Can SAP Resources Determine if Something is True Through Belief in SAP?

Executive Summary

  • Many SAP consultants believe something is true because it is stated by SAP.
  • We review how reliable this approach is to determine what is true.

Introduction

We sometimes have surreal interactions on LinkedIn, where various pro-vendor individuals make unsupported claims.

Our References for This Article

If you want to see our references for this article and other related Brightwork articles, see this link.

Can Truth Come from Blind Belief?

The following statement was provided by Mohamed Judi, who, at the time of this comment, worked for SAP. He was asked to support his claims regarding our analysis and critique of SAP HANA.

This was our comment to him. The most interesting part was his response.

“I have confronted this author with an article responding to it, and Barbel has refused to answer any of the comments. If you are interested you can see this link.

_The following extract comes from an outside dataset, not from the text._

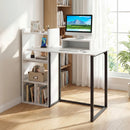 43.5" Computer Desk with Charging Station and Ergonomic Monitor Stand-White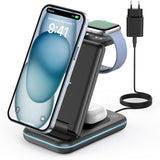 1 x RAW Customer Returns JoyGeek 3 in 1 Wireless Charger, Foldable Wireless Charger for i Phone 15 14 13 12 11 Pro Max X, Inductive Mobile Phone Charging Station for iWatch 9 Ultra SE 8 7 6 5 4, AirPods 2 3 Pro, with QC Adapter, Black - RRP €38.99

Notice from the comment that Barbel refused to defend her article. Therefore, a person who can’t even say if she has decided if the article is fake news, but then claims the article is fake news is quite conflicted. Furthermore, it is clear that Barbel does not understand the topics covered in the article, has admitted to no understanding of the subject, and therefore is not in a position of domain expertise to make such a claim. Read the article to understand the implication. But there is an important lesson here.

If you don’t understand a subject, you cannot know if something is true of false by following a list of indicators for what is fake news. There is no replacement for domain expertise. “

Mohamed Judi’s Response

“Any comments I leave here are out of my belief in SAP’s vision and complete buy-in into our leadership strategy.”

This is an enormous punt and illustrates that Mohamed’s entire reason for believing in SAP is based upon what amounts to faith. And Mohamed accused Brightwork of being biased and creating FUD — however, here the question is, how does Mohamed know that our research is FUD? The answer is clearly that Mohamed does not know (we asked him repeatedly to discuss specific topics, and he refused to do so) and that Mohamed is using his blind faith in SAP to determine if something is true. This would mean that whatever contradicts SAP must naturally be false. This means that to not accept what SAP says as true means being accused of providing incorrect information or FUD about SAP.

Conclusion

Mohamed Judi and other SAP resources do not use thought in determining if something is true. They outsource their thinking to SAP, and they “believe” that what SAP says must be true. These people then present themselves as experts on topics without doing mental work themselves.